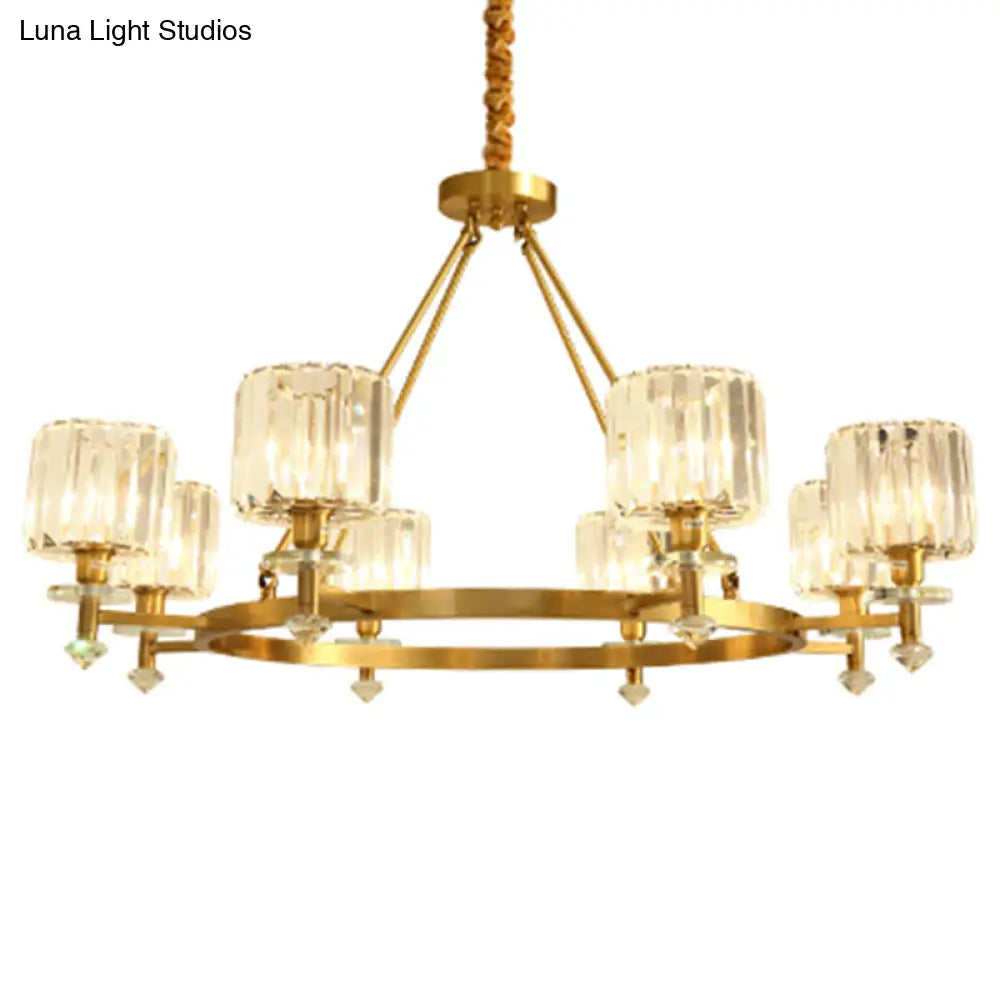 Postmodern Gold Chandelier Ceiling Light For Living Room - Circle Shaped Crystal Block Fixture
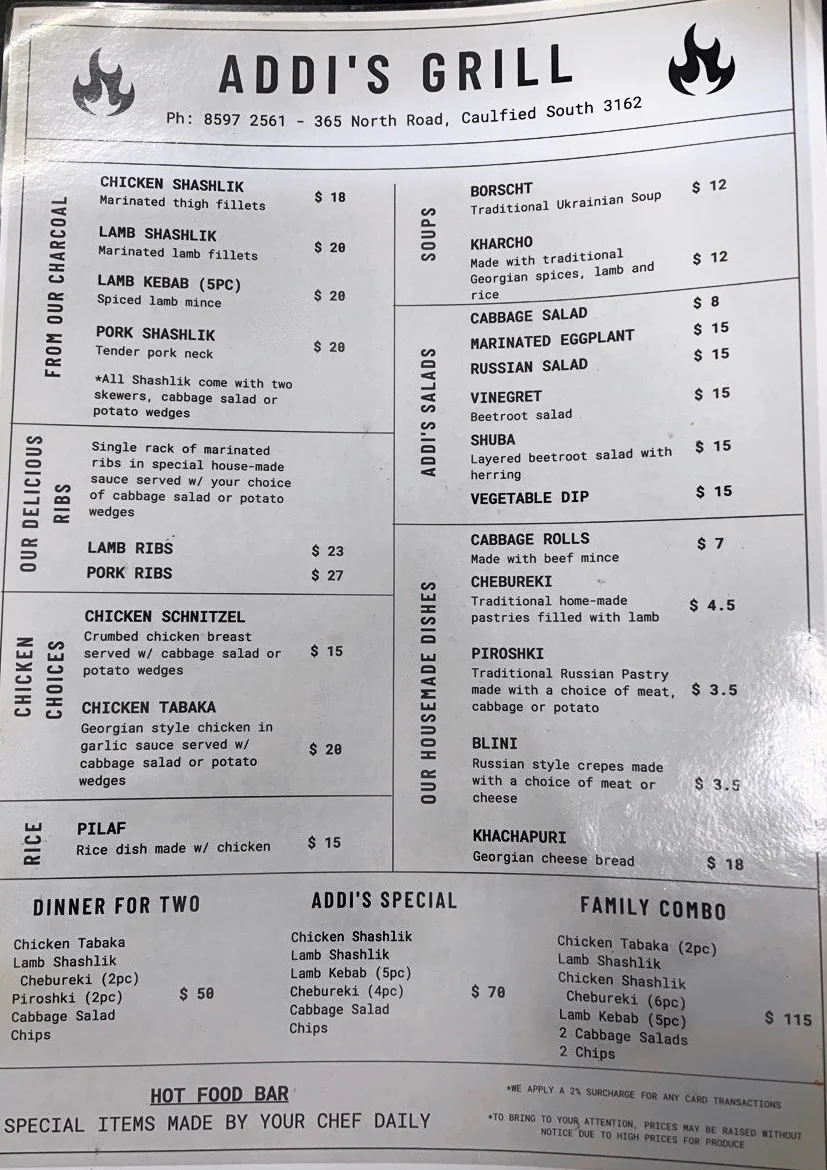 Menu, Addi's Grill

|---|

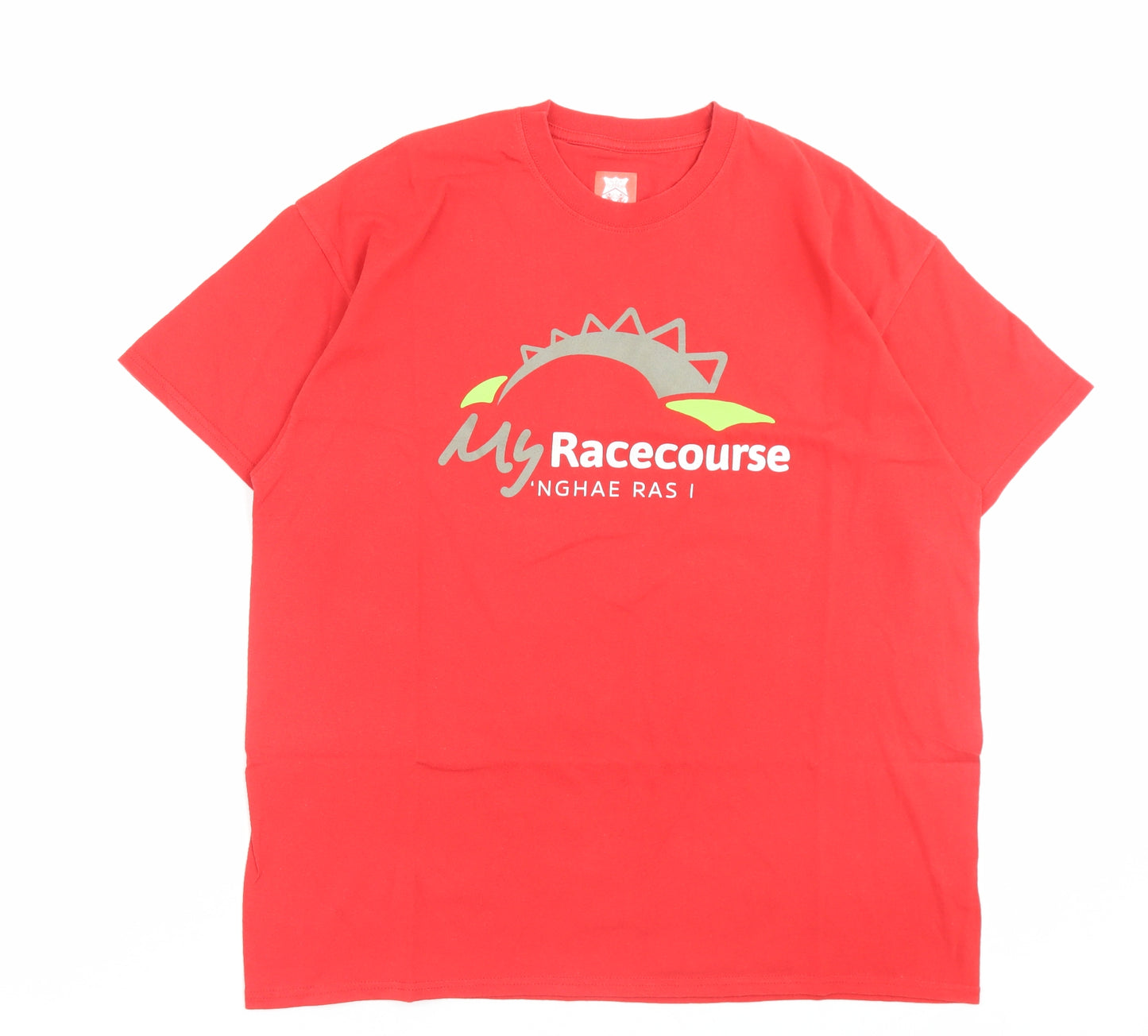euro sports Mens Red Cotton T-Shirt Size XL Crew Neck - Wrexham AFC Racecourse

|---|

Prompt:
Pictures excluded, give again exactly and only the lines of the material above from the line with "Postmodern Gold Chandelier" through the line with "Menu, Addi's Grill".

Answer to this problem:
 Postmodern Gold Chandelier Ceiling Light For Living Room - Circle Shaped Crystal Block Fixture
 Menu, Addi's Grill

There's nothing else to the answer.